As of September 30, 2023, we held an investment of approximately 0.1 million shares of Syros common stock. The fair market value of our long term investment in Syros as of September 30, 2023 and December 31, 2022 was $0.4 million and $0.3 million, respectively. For the three and nine months ended September 30, 2023, we recorded a unrealized gain of $0.1 million and a nominal unrealized gain, respectively, based on the change in fair value of Syros’ common stock during the respective periods. For the three and nine months ended September 30, 2022, we recorded an unrealized loss of $0.3 million and $2.5 million, respectively, based on the change in fair value of Syros’ common stock during the respective periods.
MorphoSys
In January 2020, we entered into a Collaboration and License Agreement with MorphoSys AG and MorphoSys US Inc., a wholly-owned subsidiary of MorphoSys AG (together with MorphoSys AG, “MorphoSys”), covering the worldwide development and commercialization of MOR208 (tafasitamab), an investigational Fc engineered monoclonal antibody directed against the target molecule CD19 that was under clinical development by MorphoSys at the beginning of the agreement, and has subsequently been commercialized as MONJUVI/MINJUVI. MorphoSys has exclusive worldwide development and commercialization rights to tafasitamab under a June 2010 collaboration and license agreement with Xencor, Inc.
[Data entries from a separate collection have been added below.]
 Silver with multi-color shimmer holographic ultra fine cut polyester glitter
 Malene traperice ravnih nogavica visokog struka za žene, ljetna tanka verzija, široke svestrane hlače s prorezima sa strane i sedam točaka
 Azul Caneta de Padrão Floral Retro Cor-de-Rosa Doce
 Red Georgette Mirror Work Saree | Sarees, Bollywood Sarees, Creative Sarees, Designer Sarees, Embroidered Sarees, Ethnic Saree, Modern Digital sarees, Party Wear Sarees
Under the terms of the agreement, we received exclusive commercialization rights outside of the United States, and MorphoSys and we have co-commercialization rights in the United States, with respect to tafasitamab. MorphoSys is responsible for leading the commercialization strategy and booking all revenue from sales of tafasitamab in the United States, and we and MorphoSys are both responsible for commercialization efforts in the United States and will share equally the profits and losses from the co-commercialization efforts. We will lead the commercialization strategy outside of the United States, and will be responsible for commercialization efforts and book all revenue from sales of tafasitamab outside of the United States, subject to our royalty payment obligations set forth below. We and MorphoSys have agreed to co-develop tafasitamab and to share development costs associated with global and U.S.-specific clinical trials, with Incyte responsible for 55% of such costs and MorphoSys responsible for 45% of such costs. Each company is responsible for funding any independent development activities, and we are responsible for funding development activities specific to territories outside of the United States. All development costs related to the collaboration are subject to a joint development plan.
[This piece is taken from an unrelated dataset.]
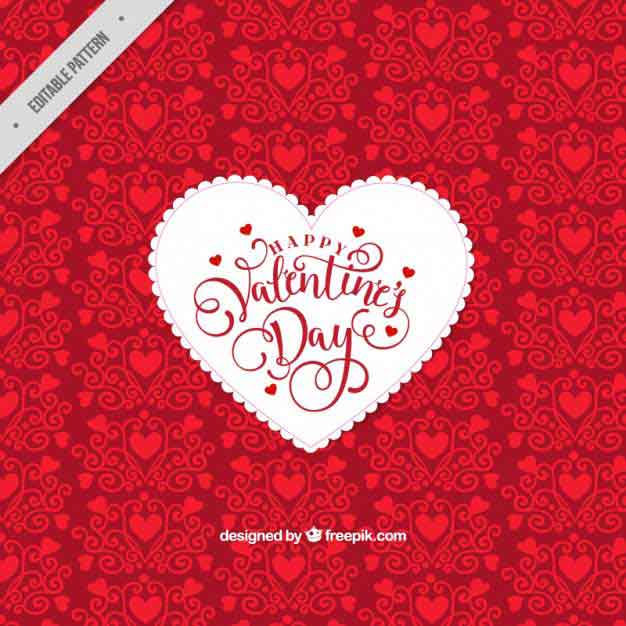Red decorative background with white heart Free Vector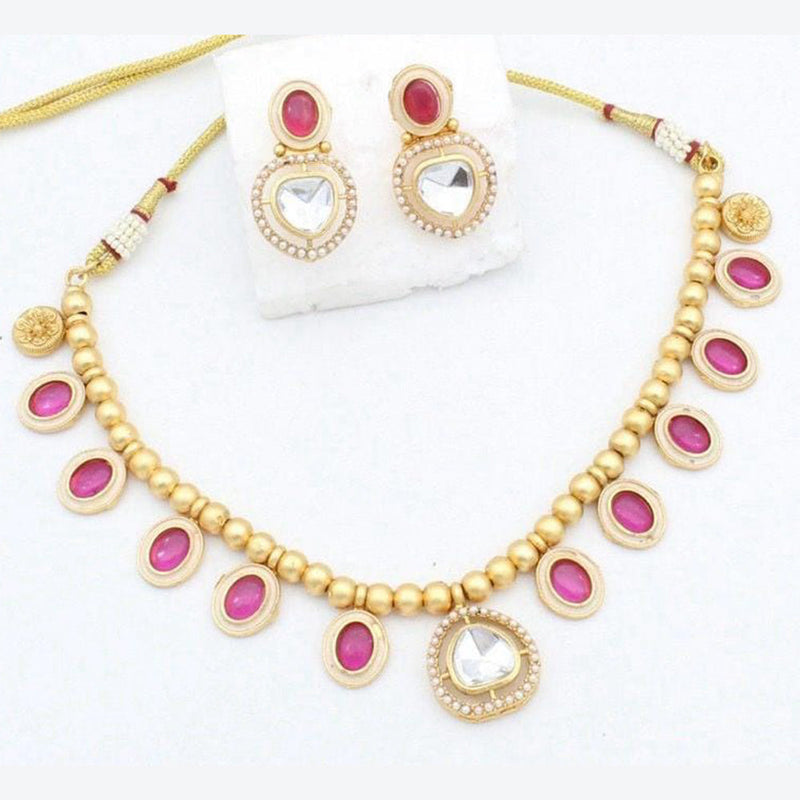 Kavita Art Gold Plated Pota Stone Necklace Set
MorphoSys is eligible to receive up to $737.5 million in future contingent development and regulatory milestones and up to $315.0 million in commercialization milestones as well as tiered royalties ranging from the mid-teens to mid-twenties of net sales outside of the United States. MorphoSys’ right to receive royalties in any particular country will expire upon the last to occur of (a) the expiration of patent rights in that particular country, (b) a specified period of time after the first post-marketing authorization sale of a licensed product comprising tafasitamab in that country, and (c) the expiration of any regulatory exclusivity for that licensed product in that country. Since the inception of the agreement through September 30, 2023, we have paid MorphoSys milestones totaling $2.5 million, all of which have previously been recorded as research and development expenses.
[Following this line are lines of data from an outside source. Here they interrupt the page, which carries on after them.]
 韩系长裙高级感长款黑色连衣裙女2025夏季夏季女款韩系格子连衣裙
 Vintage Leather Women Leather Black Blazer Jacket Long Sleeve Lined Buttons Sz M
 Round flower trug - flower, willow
As of September 30, 2023, we held an investment of approximately 3.6 million American Depository Shares, each representing 0.25 of an ordinary share of MorphoSys AG. The fair market value of our long term investment in MorphoSys AG as of September 30, 2023 and December 31, 2022 was $24.4 million and $13.0 million, respectively. For the three and nine months ended September 30, 2023, we recorded an unrealized loss of $2.7 million and an unrealized gain of $11.4 million, respectively, based on the change in fair value of MorphoSys AG's ordinary shares during the respective periods. For the three and nine months ended September 30, 2022, we recorded an unrealized gain of $0.8 million and an unrealized loss of $15.9 million, respectively, based on the change in fair value of MorphoSys AG's ordinary shares during the respective periods.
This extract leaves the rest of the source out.